We have extensively covered Actavis and its progeny in previous posts.  In Actavis, the Supreme Court held that reverse payment settlements—in which name-brand drug manufacturers pay generic rivals to keep cheaper alternatives off the market—can “sometimes violate the antitrust laws” because their “anticompetitive consequences [can] at least sometimes prove unjustified.”  In reaching this conclusion, the Supreme Court rejected several possible analyses (e.g., a rule of presumptive illegality and “scope of the patent” test) in favor of a traditional antitrust “rule of reason” analysis.  But as we discussed here, the Actavis court did not flesh out the contours of this analysis, instead leaving the task to the lower courts to develop the antitrust jurisprudence of reverse payments.  Thus the Aggrenox decision comes in the midst of an uncertain period, in which lower courts are grappling with how to interpret Actavis’s directives and attempt to reconcile the competing policies of antitrust and patent law.

In issuing the Aggrenox ruling, the district court explained that it was seeking to “provide some of the missing structure” to the antitrust analysis that Actavis left unanswered.  The district court noted that Actavis identified several factors that should be considered in determining whether a reverse payment settlement is likely to produce anticompetitive effect, including the payment’s “size, its scale in relation to the payor’s anticipated future litigation costs, its independence from other services for which it might represent payment, and the lack of any other convincing justification.”  Actavis, 133 S. Ct. at 2237.  Although Actavis did not expressly include determining the brand’s market power in that list of factors, the district court noted, that decision “allude[d] to the concept” of market power in laying out these factors, since “patents are only valuable as a result of whatever market power they confer” and thus “the size and circumstances of the reverse payment are suggestive of the market power conferred by the patent.”  Op. at pp. 3-4.

The district court opined that, “as a practical matter, the only ‘relevant’ market in this case, and in similar cases brought under FTC v.
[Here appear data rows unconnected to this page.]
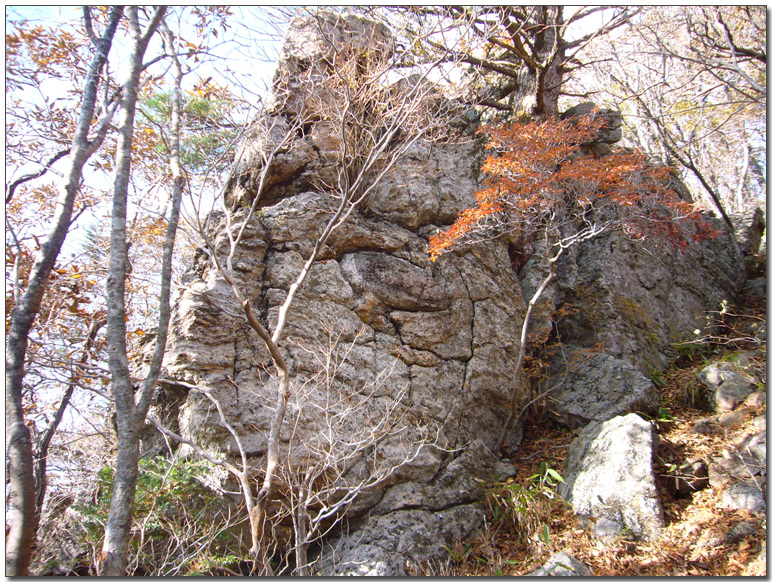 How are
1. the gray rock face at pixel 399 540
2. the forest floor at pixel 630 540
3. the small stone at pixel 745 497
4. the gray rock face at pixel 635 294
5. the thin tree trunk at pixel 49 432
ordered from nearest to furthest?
1. the forest floor at pixel 630 540
2. the small stone at pixel 745 497
3. the gray rock face at pixel 399 540
4. the thin tree trunk at pixel 49 432
5. the gray rock face at pixel 635 294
Actavis, will be the market in which the challenged settlement agreement allegedly acted as an anticompetitive constraint:  that is, in this case, it will be implicitly defined by the scope of the disputed patent.”  Op. at p. 5.  As a result, drugs that may therapeutically compete against the drug at issue are necessarily outside the scope of the relevant market.  Additionally, the court held, to the extent these drugs actually competed with Aggrenox, any substitution effect constraining the price for Aggrenox will already be “priced in” to this analysis, thus making sales and pricing data about other drugs “redundant.”  Op. at p. 8.

Although the district court noted that the existence of the patent would not necessarily indicate that defendants possessed market power, it would be “vanishingly unlikely” that a large reverse payment would be made where the defendants did not possess market power which it sought to protect by such a payment.  Id.  Accordingly, the district court held, a large reverse payment should be considered a “strong indicator of market power.”  Id.  While the district court carefully noted that a large reverse payment is not dispositive of antitrust liability, it also indicated that “reverse payments beg to be explained.”  Op. at p. 4.

In recognition of the ongoing uncertainty among the lower courts as to the appropriate way to implement Actavis, in the same order the district court exercised its discretion under 28 U.S.C. § 1292(b) to certify the issue for interlocutory appeal.  It is not yet clear whether the Second Circuit will accept the interlocutory appeal.  We will continue to monitor this and other pay-for-delay litigation to see how this rule-of-reason analysis continues to develop in the wake of Actavis.

DISCLAIMER: Because of the generality of this update, the information provided herein may not be applicable in all situations and should not be acted upon without specific legal advice based on particular situations.